Customers would typically write rules and create emulations of their workload or use their real workloads in an attempt to get an accurate representation of the vendor’s performance as well as to prevent the vendors from taking advantage of a tactic I call SBT (Slimy Benchmarking Tricks). On the other side of the equation, the vendor’s customary goal of attempting to win the benchmark at all costs would often work against the customer’s goal of meeting requirements for performance, reliability, and cost. On the customer side, it is almost always a balancing act among these three points.
What to Benchmark and Why
There are the obvious pieces of hardware that you need to include in the benchmark, such as NAS, RAIDs, tape drives, and server/hosts. There are also a large number of not-so-obvious hardware and software components, such as file systems, OS system tunables, tape libraries, HBAs and HBA tunables, Fibre Channel switches, NIC and TOE cards, RAID tunables and cache sizes, NAS tunables and cache sizes, and failover and fail back, just to name a few.
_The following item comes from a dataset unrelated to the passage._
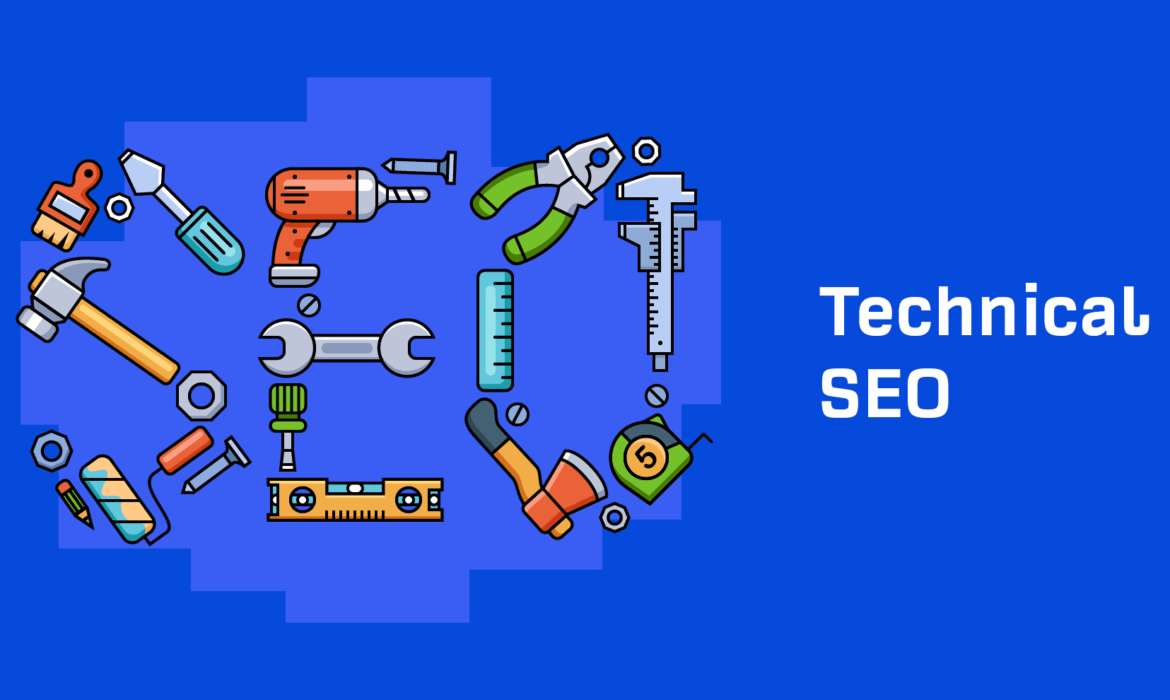What Is Technical SEO and How Can You Avoid Common Issues?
Here are a couple of questions to start with when planning a benchmark:
- Are all of the not-so-obvious items important to the benchmark?
- Do I need to create benchmarks in order to measure and understand each component?
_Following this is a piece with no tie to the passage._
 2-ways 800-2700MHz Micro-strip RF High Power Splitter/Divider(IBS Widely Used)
I believe that some of the not-so-obvious hardware and software parts can be quite important in some cases, and at a minimum you need to understand the issues surrounding them. You might remember the example I used previously of the $2K HBA that significantly reduces the performance of a $1M RAID system.
Regarding the measurement issue, this is generally your responsibility. The storage provider will generally tell you what hardware and software they will provide and what is being used in the benchmark. If the benchmark does not reflect your real workload, then you could have the $2K HBA problem when the system is installed, but again, that would be your problem.
On the other hand, measuring the performance of even a simple HBA is a non-trivial effort for all but the most experienced storage performance analyst. Add to the process a consideration of the HBA tunables and failover and fail back, and the problem becomes insurmountable for most organizations. That is why it is a good idea to understand the issues, but not necessarily a good idea to attempt to benchmark each of the component parts.